Now, we can finally send our document to Amazon Bedrock!

In [None]:
%%time

modelId = "anthropic.claude-3-haiku-20240307-v1:0"  # (change this to try different model versions)

body = json.dumps(
    {
        "max_tokens": 4_096,
        "system": system_prompt,
        "temperature": 0.0,
        "messages": messages,
        "anthropic_version": "bedrock-2023-05-31",
    }
)


try:
    response = bedrock_runtime.invoke_model_with_response_stream(
        body=body,
        modelId=modelId,
        accept="application/json",
        contentType="application/json",
    )

    output = ""

    stream = response.get("body")

    if stream:
        for event in stream:
            chunk = event.get("chunk")
            if chunk:
                chunk_obj = json.loads(chunk.get("bytes").decode())
                if "delta" in chunk_obj:
                    delta_obj = chunk_obj.get("delta", None)
                    if delta_obj:
                        text = delta_obj.get("text", None)
                        if text is not None:
                            output += text
                            print(text, end="")
                        if not text:
                            break
    print("")

except botocore.exceptions.ClientError as error:
    if error.response["Error"]["Code"] == "AccessDeniedException":
        print(
            f"\x1b[41m{error.response['Error']['Message']}\
                \nTo troubleshoot this issue please refer to the following resources.\
                \nhttps://docs.aws.amazon.com/IAM/latest/UserGuide/troubleshoot_access-denied.html\
                \nhttps://docs.aws.amazon.com/bedrock/latest/userguide/security-iam.html\x1b[0m\n"
        )

    else:
        raise error

Check out the output text! We recommend opening the PDF, previous `.txt` and the new text file side by side to see the text extraciton quality. How does parsing quality change when using Amazon Bedrock? Is it better or worse than Amazon Textract?

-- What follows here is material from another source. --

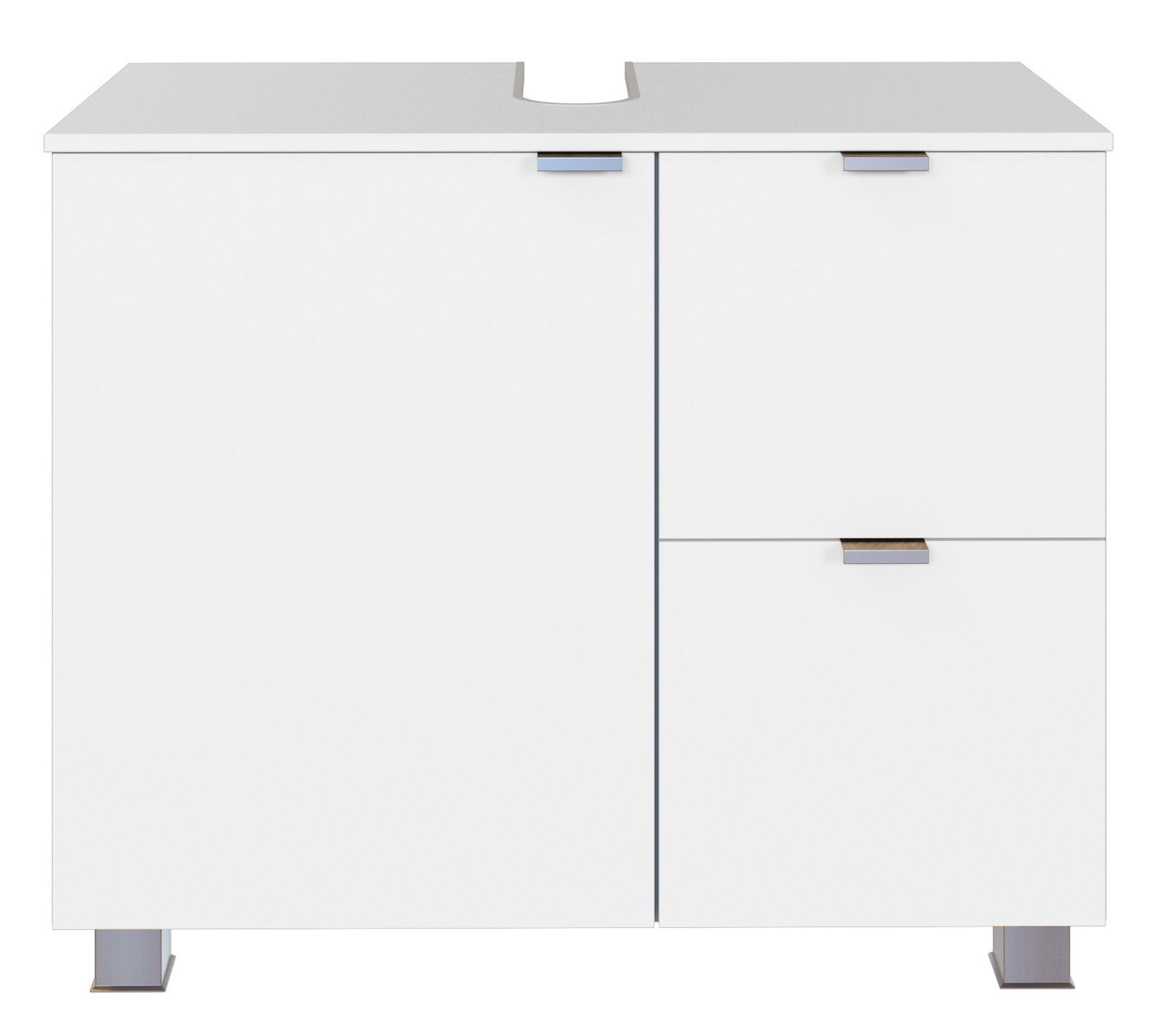 XORA Waschbeckenunterschrank BOGOTA Moderner weißer Waschbeckenunterschrank mit zwei Türen und einer Schublade, frontal betrachtet.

Don't forget to export the result as `.txt` file below:

In [46]:
base_filename = obj["Key"]
s3_filename = f"s3://{s3_bucket}/{base_filename}"
output_filename = base_filename.removesuffix(".pdf") + "_bedrock.txt"

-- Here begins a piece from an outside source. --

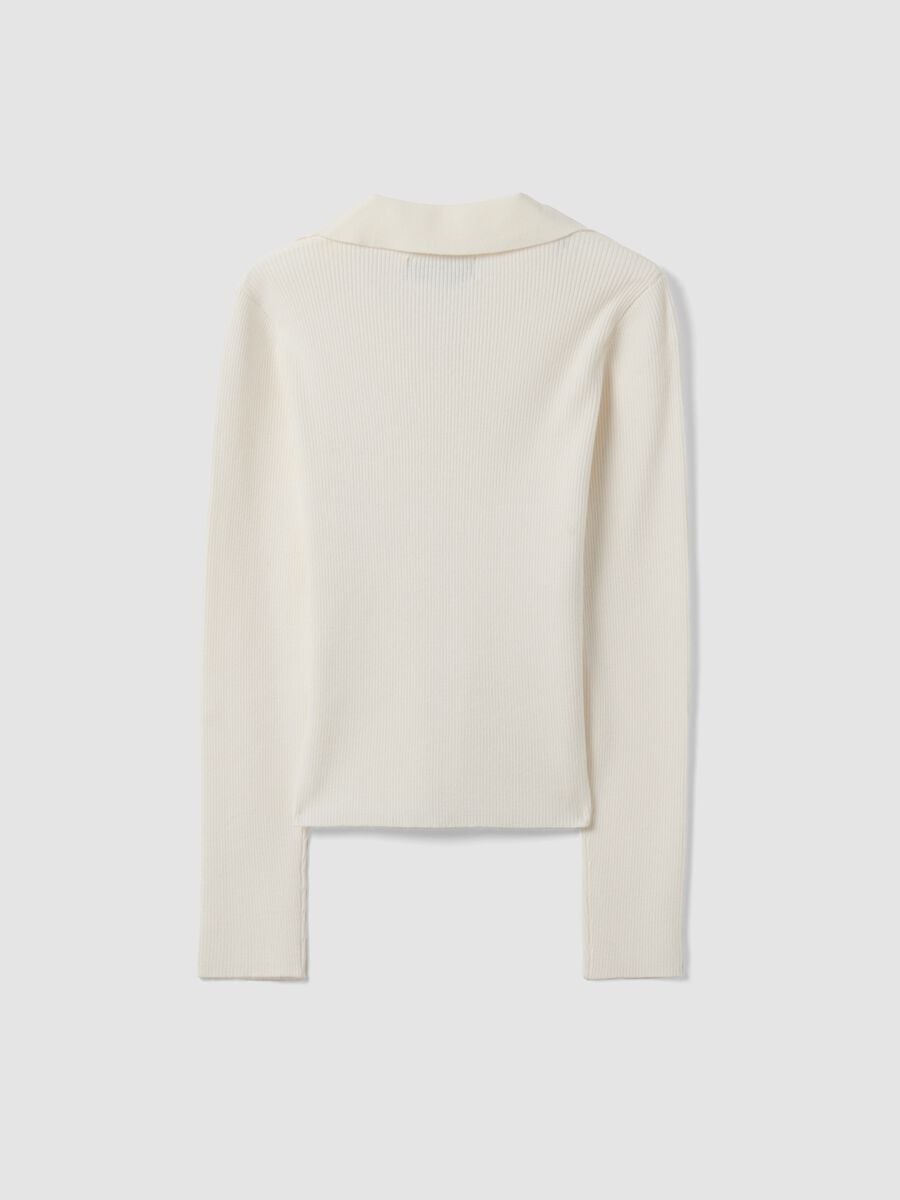 Maglia bianca in misto viscosa con colletto polo fitted_2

with open(os.path.join(output_path, output_filename), "w") as text_file:
    text_file.write(output)

## Optional tasks

Once you are done, consider experimenting with one of the tasks below:

Amazon Textract:
- Check configuration arguments for `MarkdownLinearizationConfig` to see if you can tweak Textractor parameters to improve OCR quality.

Amazon Bedrock:
- Experiment with the LLM prompt to see if you can further improve the OCR quality/formatting when using Amazon Bedrock.
- Switch to a different multi-modal LLM and compare the OCR quality. Which model is doing best?
- Run LLM-based OCR for the second document in the demo folder. How does the performance compare?